If you aren’t into Dorothy Dunnett yet, and are inclined to read a 900 page book, read ” The King Hereafter” about the actual MacBeth about twenty years after the first millenium and forty years before the Norman Conquest.
Scotland was very Norse then.
Brachiator
@Barbara:
A cut above.
I see what you did. :)
Almost Retired
He really was a very good actor. I have mixed feelings about TSOM. The music really is quite good and holds up well (except for that fucking goat song). But it also left generations with the impression that Austria was the Nazi’s first victim. It was also unfair to whoever wrote Austria’s actual national anthem, because almost everyone thinks its “Edelweiss.”
Kristine
@The Thin Black Duke:
I absolutely love that movie. Not a bad performance to be seen, and Plummer was so good in a small but pivotal role.
I recall an interview with iirc one of his ex-wives, Tammy Grimes, in which she describes the first time she saw him on stage. “Like a knife blade catching the sun.”
Last thing I saw him in was “Knives Out.”
sab
Everythone talks about how ephemeral live theater is, but I remember really good productions I saw in my teens as if they were yesterday. And those were 50 years ago. If we weren’t stuck at home in a pandemic how many movies of that era would we be watching.
Brachiator
@Almost Retired:
I don’t understand why people would confuse a musical with history.
Or almost any movie or stage play.
Nicole
@sab: Oh cool, I’ll check that out. I love history. I know Shakespeare was making sure to suck up to James I in Macbeth (Banquo was his ancestor, I think) so I bet I’ll enjoy reading about the actual Macbeth. Thanks for the recommendation!
Nicole
@Brachiator:
Richard III seconds that opinion, I’m sure. ;)
What Have the Romans Ever Done for Us?
@SiubhanDuinne: I have a different story involving a different British actor with a connection to the Star Trek franchise…summer, 1986. My mom’s sister, her husband (my uncle by marriage) and my three cousins live in the Cleveland area, and my uncle’s mom owns a place in Lakeside, OH, which is a small Methodist Chautauqua on the shores of Lake Erie – no where near as swanky as the original on Lake Chautauqua in Western New York State, which I’m familiar with only because my dad grew up in nearby Jamestown, NY.
Anyway, we’d get together at Lakeside at least once a summer.
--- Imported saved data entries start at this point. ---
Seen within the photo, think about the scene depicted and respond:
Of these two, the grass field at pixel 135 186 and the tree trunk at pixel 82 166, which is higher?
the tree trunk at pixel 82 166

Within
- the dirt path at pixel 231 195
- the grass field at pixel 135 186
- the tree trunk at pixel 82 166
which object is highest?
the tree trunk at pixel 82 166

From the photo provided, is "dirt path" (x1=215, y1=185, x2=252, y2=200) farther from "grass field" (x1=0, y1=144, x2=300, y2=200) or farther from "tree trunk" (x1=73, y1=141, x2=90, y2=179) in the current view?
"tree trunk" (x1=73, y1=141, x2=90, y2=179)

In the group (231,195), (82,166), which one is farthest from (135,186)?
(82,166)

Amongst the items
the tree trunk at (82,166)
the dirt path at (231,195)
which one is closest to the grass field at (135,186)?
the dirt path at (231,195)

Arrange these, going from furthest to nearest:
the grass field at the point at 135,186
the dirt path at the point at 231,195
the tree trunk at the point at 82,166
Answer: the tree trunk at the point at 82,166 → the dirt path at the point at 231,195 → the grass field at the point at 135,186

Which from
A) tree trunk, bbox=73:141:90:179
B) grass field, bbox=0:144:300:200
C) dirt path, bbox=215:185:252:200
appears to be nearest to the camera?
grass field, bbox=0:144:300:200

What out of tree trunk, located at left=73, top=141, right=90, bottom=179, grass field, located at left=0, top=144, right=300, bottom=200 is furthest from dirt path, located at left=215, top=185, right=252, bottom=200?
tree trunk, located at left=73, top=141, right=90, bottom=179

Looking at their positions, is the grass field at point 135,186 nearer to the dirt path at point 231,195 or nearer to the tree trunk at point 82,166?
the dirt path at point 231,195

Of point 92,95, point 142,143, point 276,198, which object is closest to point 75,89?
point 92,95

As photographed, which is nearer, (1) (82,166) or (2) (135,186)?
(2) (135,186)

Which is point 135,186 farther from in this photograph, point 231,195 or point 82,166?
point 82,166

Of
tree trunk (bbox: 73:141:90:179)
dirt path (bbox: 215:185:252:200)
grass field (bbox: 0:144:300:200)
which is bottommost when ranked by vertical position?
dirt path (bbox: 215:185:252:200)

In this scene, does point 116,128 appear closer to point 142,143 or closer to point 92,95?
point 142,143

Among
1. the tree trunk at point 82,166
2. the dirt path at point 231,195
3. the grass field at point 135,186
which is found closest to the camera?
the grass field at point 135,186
The oldest of my cousins was a student at Oberlin, which is between Cleveland and Lakeside, so a fairly easy drive from Lakeside. They’re doing a production of The Tempest on campus thrown together by a visiting scholar from the Royal Shakespeare Company, so we decide to go and see it. It was a pretty crazy production – the entire cast was dressed in contemporary ’80s era Miami Vice garb rather than Elizabethen-esque costumes. Most of the cast were drama majors at the college but the visiting scholar played Prospero and was fantastic. I didn’t think much of it until a year and some months later, September of 1987, when I decide to check out the new Star Trek series – Star Trek the Next Generation, and I see the guy who played Prospero that night on my TV screen – it was none other than Patrick Stewart!
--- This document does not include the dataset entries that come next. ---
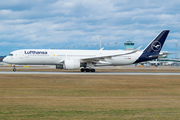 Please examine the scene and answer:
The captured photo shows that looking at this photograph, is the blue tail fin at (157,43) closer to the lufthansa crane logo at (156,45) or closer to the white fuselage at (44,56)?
the lufthansa crane logo at (156,45)

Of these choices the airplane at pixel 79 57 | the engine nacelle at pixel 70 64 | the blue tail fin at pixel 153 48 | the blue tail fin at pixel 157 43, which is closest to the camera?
the engine nacelle at pixel 70 64

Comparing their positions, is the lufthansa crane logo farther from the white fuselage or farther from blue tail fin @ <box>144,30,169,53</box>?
the white fuselage

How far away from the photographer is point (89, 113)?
36.1 feet

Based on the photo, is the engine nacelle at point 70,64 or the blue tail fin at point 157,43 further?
the blue tail fin at point 157,43

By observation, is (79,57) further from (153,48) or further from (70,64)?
(153,48)

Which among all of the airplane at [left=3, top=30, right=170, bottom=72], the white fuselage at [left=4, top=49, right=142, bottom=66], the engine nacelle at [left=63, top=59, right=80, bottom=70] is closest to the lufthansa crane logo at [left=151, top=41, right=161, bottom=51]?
the airplane at [left=3, top=30, right=170, bottom=72]

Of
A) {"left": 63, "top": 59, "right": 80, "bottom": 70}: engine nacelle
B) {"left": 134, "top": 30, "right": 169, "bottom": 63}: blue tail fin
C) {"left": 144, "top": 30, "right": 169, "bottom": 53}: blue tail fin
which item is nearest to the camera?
{"left": 63, "top": 59, "right": 80, "bottom": 70}: engine nacelle

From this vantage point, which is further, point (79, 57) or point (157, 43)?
point (157, 43)

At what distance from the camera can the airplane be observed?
149 ft

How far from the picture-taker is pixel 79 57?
48.1 meters

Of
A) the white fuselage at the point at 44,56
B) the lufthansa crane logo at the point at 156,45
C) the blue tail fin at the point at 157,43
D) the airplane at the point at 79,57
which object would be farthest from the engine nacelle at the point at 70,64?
the lufthansa crane logo at the point at 156,45

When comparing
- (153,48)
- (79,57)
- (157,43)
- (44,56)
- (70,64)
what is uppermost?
(157,43)

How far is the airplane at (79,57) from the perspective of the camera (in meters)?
45.4

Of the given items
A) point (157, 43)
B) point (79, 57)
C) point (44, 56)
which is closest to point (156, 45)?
→ point (157, 43) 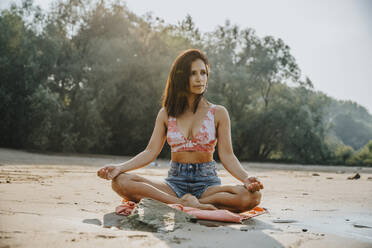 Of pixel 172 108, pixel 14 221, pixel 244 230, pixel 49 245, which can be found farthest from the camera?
pixel 172 108

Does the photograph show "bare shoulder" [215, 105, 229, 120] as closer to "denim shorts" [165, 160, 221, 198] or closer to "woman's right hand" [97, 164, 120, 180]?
"denim shorts" [165, 160, 221, 198]

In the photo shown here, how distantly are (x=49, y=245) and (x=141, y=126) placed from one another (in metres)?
17.9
Plummer was great in Knives Out, I liked him in Return of the Pink Panther too. And in The Sound of Music, of course, though I once asked my cousin’s boyfriend (the middle cousin in the family above) if he knew who Julie Andrews was and he had no idea. In the UK and America she is indelibly linked to Austria but most Austrians appear to have no idea who she is, based on my sample of one random Austrian guy.
Almost Retired
@Brachiator: Yeah, I wish people got their historical information from actual history, instead of fictionalized literature or movies. But pretty much everything I know about Thomas Cromwell is from the Wolf Hall Trilogy.
WereBear
@Brachiator:
Love it so much I own it. Seldom has someone been so seductively creepy…
geg6
@Brachiator:
I think it’s easy to have that happen when you are a child, see something like TSOM, you ask about the Nazis and get a short, censored version of the history that because your immature mind and understanding of the world makes you not quite ready for the brutal truth. I’m not a fan of the movie, but it is probably the first film I ever saw that even referenced Nazis. I was probably all of 7 or 8 years old.
Cameron
I have no problem with fictionalized history. After all, we just got done with four years of a fake president.
Jim, Foolish Literalist
@Nicole:
There’s a great BBC podcast called “Shakespeare’s Restless World”, short (15-20) deep dives on different aspects of his works. As I recall we owe to James I the Scottish theme and nod to his (probable?) ancestors, the witches (he was obsessed with them) and the relative brevity. His Majesty was known to have a short attention span, and Shakespeare didn’t want to lose him.
Brachiator
I see that Plummer was an EGOT man, having won at least one Emmy, Oscar and Tony.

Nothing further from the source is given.